There was a silence, and he could picture his friend raising an eyebrow, although he could not see him. "How did you know it was me?" Beringar eventually asked. "No one told you I was coming, did they?"
Hearing the suspicion in Hugh's voice, the monk hid a smile. "No, but the brethren don't wear boots", he explained as he removed his mixture from the fire. Now, he just needed to stir it until it cooled down. "Careful," he warned, "that's boiling hot."
Hugh moved back and Cadfael set the cauldron on his workbench. Then they both sat, and the monk poured them some wine. His friend sipped happily from his glass, thirsty after his long ride. He had obviously not been home yet, for he still moved stiffly and his clothes were dusty.
"Things were quiet during my absence, according to Father Radulfus," Beringar commented absent-mindedly. "What is that smelly concoction for?"
Cadfael raised an eyebrow. "Why, it's for you. Works wonders for impertinence, young man."
If he had expected his friend to assume a guilty look, he would have been disappointed; all he got was a grin.
"Then you should save some for the King's court. Some of these lords I would gladly throttle."

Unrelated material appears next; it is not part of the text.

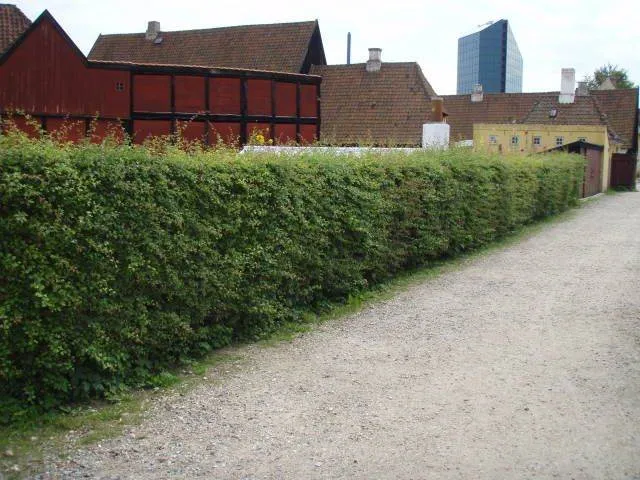 Eingriffeliger Weißdorn (Crataegus monogyna)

"So, how did your audience with the King go?" Cadfael asked, his curiosity getting the better of him.
Hugh shrugged. "Better than expected, actually. I half-expected to be thrown in the dungeons for not meeting Stephen's expectations, but he seemed pleased."
"Pleased? Why?" questioned Cadfael, surprised.
"We didn't bring back the information he wanted, but our mission was not totally fruitless. By the way, I got news from Dewydd."
"Owain sent an emissary to Stephen. It seems our Welsh prince did not appreciate Gloucester's attempt to blackmail him. He offered the King to back him up if there was fighting near his borders. He won't ride too far away from Wales, but in any case, he still makes a very powerful ally. The emissary mentioned both our names, he wanted to thank us again on Owain's behalf."
"And what did he say about Dewydd?" insisted Cadfael, who cared little for thanks - even princely ones.
A smile played on Hugh's lips. "Impatient, aren't you?" He was answered with a glare. "He is well, and he wants to marry Gwendolyn."
Cadfael snorted but said nothing, and his friend seemed disappointed at his lack of reaction.
"What, don't tell me you expected that, too?"
"Actually, I did," the monk smirked. "Didn't you see how they looked at each other?"
Hugh shrugged. "It seemed to me more like a fraternal relationship. I guess you can see that kind of things better than me... Brother."
Cadfael harrumphed in answer. "Of course I do. I am twice your age."
His friend chuckled, then rose to his feet. "Well, I don't mean to be rude, but all I wish for right now is a bath and a bed. Do come over sometime soon, though. Giles doesn't see enough of his godfather, and I think Aline misses you, too."
"I'll ask the Abbot", the monk promised as he accompanied Hugh to the door. "I'm glad you took the time to come by, although I suspect it was more for my wine than for me."
"For both, Brother", Beringar corrected him with a smile. "For both."
Cadfael gazed for a few seconds at the retreating back of his friend, then got back inside the workshop. His mixture had now cooled down enough for him to bottle it. It had been two weeks since Cadwaladr had been stopped, and over ten days since he had been back at the Abbey, and he still did not have the answer he was looking for. But for now, he was happy enough in the shelter of his workshop, in the peace of the abbey. After all, what more could he ask for?